Rather than run from it, I was curious as to whether I could develop easy, tasty Food Fidelity quality celery root recipes. In the past I’ve had vegetable steak from portobellos, onions, and cabbage so figured the celery root’s denseness would make it an even better candidate for steak hood. I also immediately thought it’d be a great pairing with the leftover collard greens salsa verde.
What does celery root taste like?
I typically avoid eating celery in any form unless it’s part of stock. Thankfully celery root has a much more mellow flavor than it’s above ground stalk of a cousin. Its flavor is celerish, gentle with hints of parsley.
Where to buy celery root
You can find celery root in most mainstream groceries. You’ve probably seen it before and ignored it, as it ain’t the prettiest girl on the shelf. It is highly seasonal so limit your search to Fall and Winter. When shopping consider a few things:
- Softball sized root is preferred
- Choose a firm root, one that feels heavy for its size. For good measure squeeze for firmness
Health benefits of Celeriac
Celeriac differs from other root vegetables in that it is not very starchy, which makes it a great option for those trying to reduce carbs in their diet. Not only is it low in carbs, but also saturated fats which makes a heart health ally. Celeriac also contains a considerable amount of potassium, which helps in preventing hypertension by regulating your blood pressure. For more details on celeriac’s health benefits try this article on The Seven Benefits of Celeriac. So with all this goodness, most celery root recipes tend to skew healthy unless you lace them with heavy doses of butter.

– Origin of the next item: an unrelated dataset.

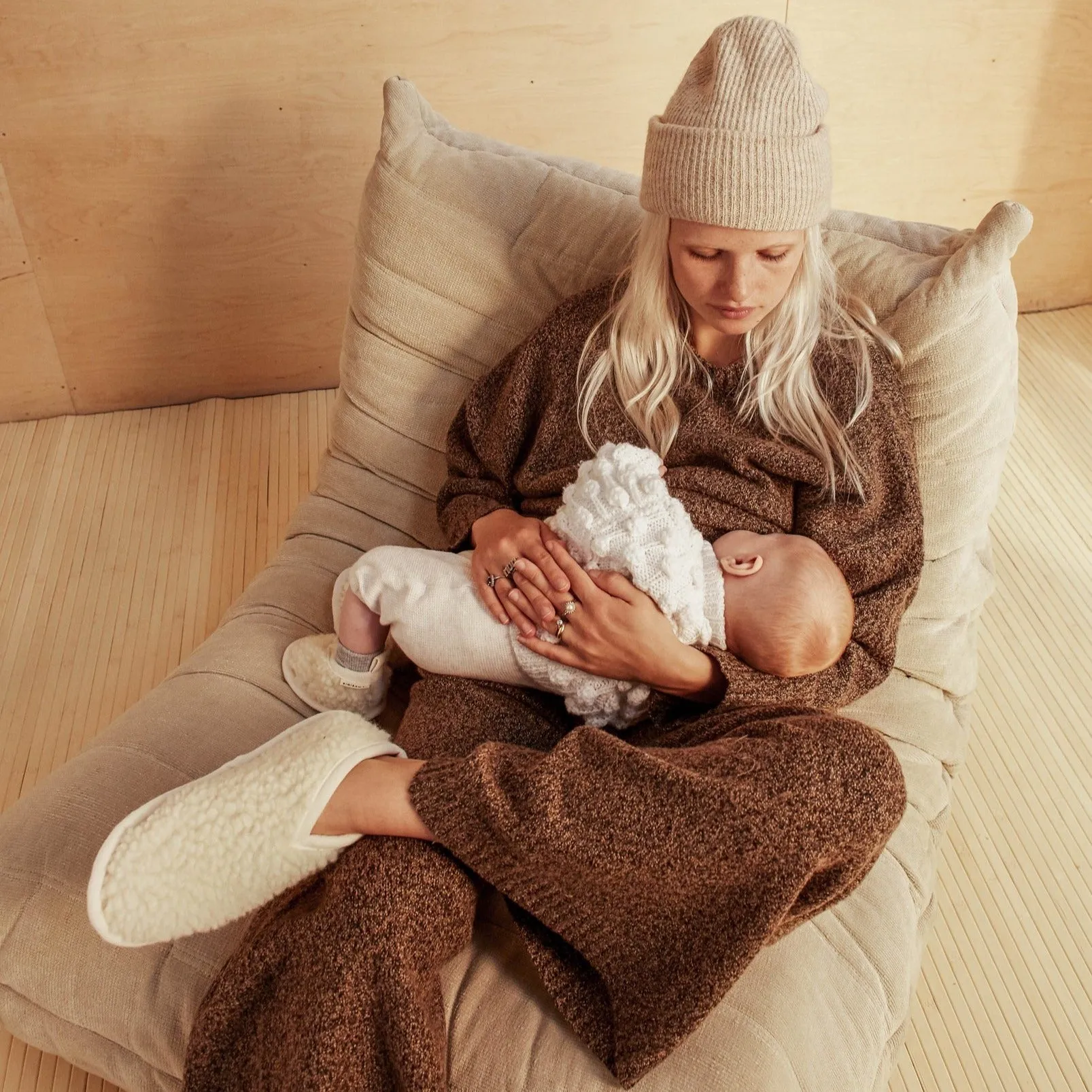Bini Merino Wool Baby Booties (Milk)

Roasted Celery Root Cooking Tips
- Look for celery roots that feel heavy for their size. If any greenery or stalks are discernible on the top of the root, they should be fresh looking and neither dried out nor slimy nor wilted.
- Cooking time will depend on thickness of your cut. Recipe is for 1 inch thick steaks. Increase cooking time if you prefer thicker cuts
- Be aggressive when you peel it, expecting to sacrifice some of the flesh. The peel has a harsh taste, that’s unforgiving so don’t play around.
- Celery root does begin to brown pretty quickly once it’s sliced, so immerse the steaks into a bowl of water with a squeeze of lemon juice or vinegar.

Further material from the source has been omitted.